Lifestyle & Travel
Jun 1, 2015
Delightful San Marino
Of the world's 193 independent countries, San Marino is the fifth smallest and – arguably – the most curious. How it exists at all is something of an enigma. A sole survivor of Italy's once powerful city-state network, this landlocked micronation clung on long after the more powerful kingdoms of Genoa and Venice folded. And still it clings, secure in its status as the world's oldest surviving sovereign state and its oldest republic (since AD 301). San Marino also enjoys the lowest unemployment rate in Europe and one of the planet's highest GDPs.
Measuring 61 sq km, the country is larger than many outsiders imagine, being made up of nine municipalities each hosting its own settlement. The largest 'town' is Dogana (on the bus route from Italy), a place 99.9% of the two million annual visitors skip on their way through to the Città di San Marino, the medieval settlement on the slopes of 750m-high Monte Titano that was added to the Unesco World Heritage list in 2008.
Though San Marino is old and commands some astounding views, it retains a curious lack of intimacy and (for want of a better word) soul.
Although the steep slopes, cliffs and castles of San Marino are impressive enough in themselves, what really takes your breath away is the view from the town. On a clear day you can see the Adriatic a few miles to the east, and in other directions the hilly land rises into central Italy. It's possible to make out small hill-top villages and other, less lofty, castles and fortresses, commanding their own small green patches of territory.
The most obvious attractions of San Marino are its defensive towers. Two of these (the Rocca and the Torre Cesta) can be visited with a combined ticket and offer good chances to climb towers and explore ramparts. Uncontrolled school-parties can present problems in the confined spaces, but since there is not a great deal to see - views, defenses, a few weapons - you can tour the buildings quite briskly. San Marino's fortifications were restored in the 1940s courtesy of Twentieth Century Fox, who used the republic as a film set for Prince of Foxes, starring Tyrone Power. (Apparently the film company rented the entire republic including its population at a daily rate of $40).
Although San Marino is described as a place for mass-tourism, it is possible to escape most of the tour-parties and shoppers by heading out along footpaths towards the hill's remoter crags. There are various woodland routes marked out by signs, and if you have time it is worth wandering through the pretty woods, where the natural greenery is such a contrast to the busy streets nearby. For a good short stroll, just head along the main path which follows the clifftop. This leads to the third of San Marino's fortresses, a solitary tower called the Torre del Montale. The building isn't open to the public, but it is another great viewpoint and considerably less crowded. Along the way are various picnic spots and stone benches for a spot of peaceful contemplation.

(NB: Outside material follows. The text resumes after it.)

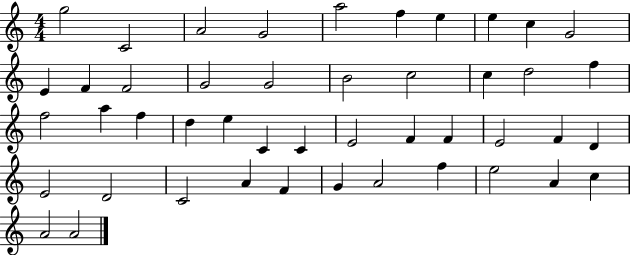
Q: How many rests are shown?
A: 0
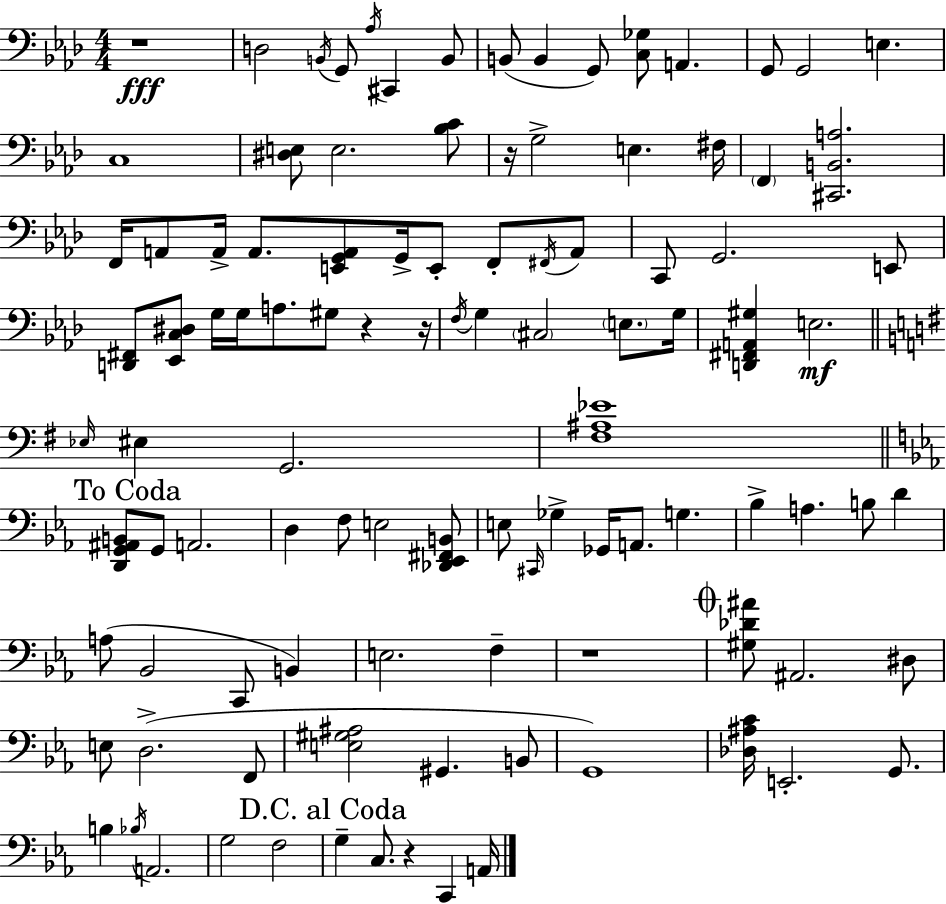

More colorful tourist appeal is to be had from the changing of the guard ceremony (at half-past every hour in the summer months) in Piazza della Libertà. The republic's militia are proud of their fancy uniforms. As an independent state, San Marino also has its own stamps and postal system. To send a postcard from San Marino, you just need to buy a stamp in one of the town's shops and make sure you post your cards in one of the state's white postboxes before you leave.
San Marino's principal museum is the State Museum (Museo di Stato), which contains historical exhibits and artwork. There are also quite a few minor attractions in San Marino, but most are in the take-it-or-leave-it category: museums of torture, waxworks, weaponry. Car-lovers will want to make a detour to the Ferrari museum at the foot of Monte Titano: the Maranello Rosso Collection.
Of the various churches in San Marino, the most interesting are probably the Basilica of San Marino, which preserves the saint's bones in an urn, and the fourteenth-century Chiesa di San Francesco.
San Marino accommodation
San Marino is small, and most visitors won't feel the need to spend more than a day in the country. If you do wish to stay the night, however, you will find a few good but rather expensive hotels in historic San Marino town and in the nearby villages.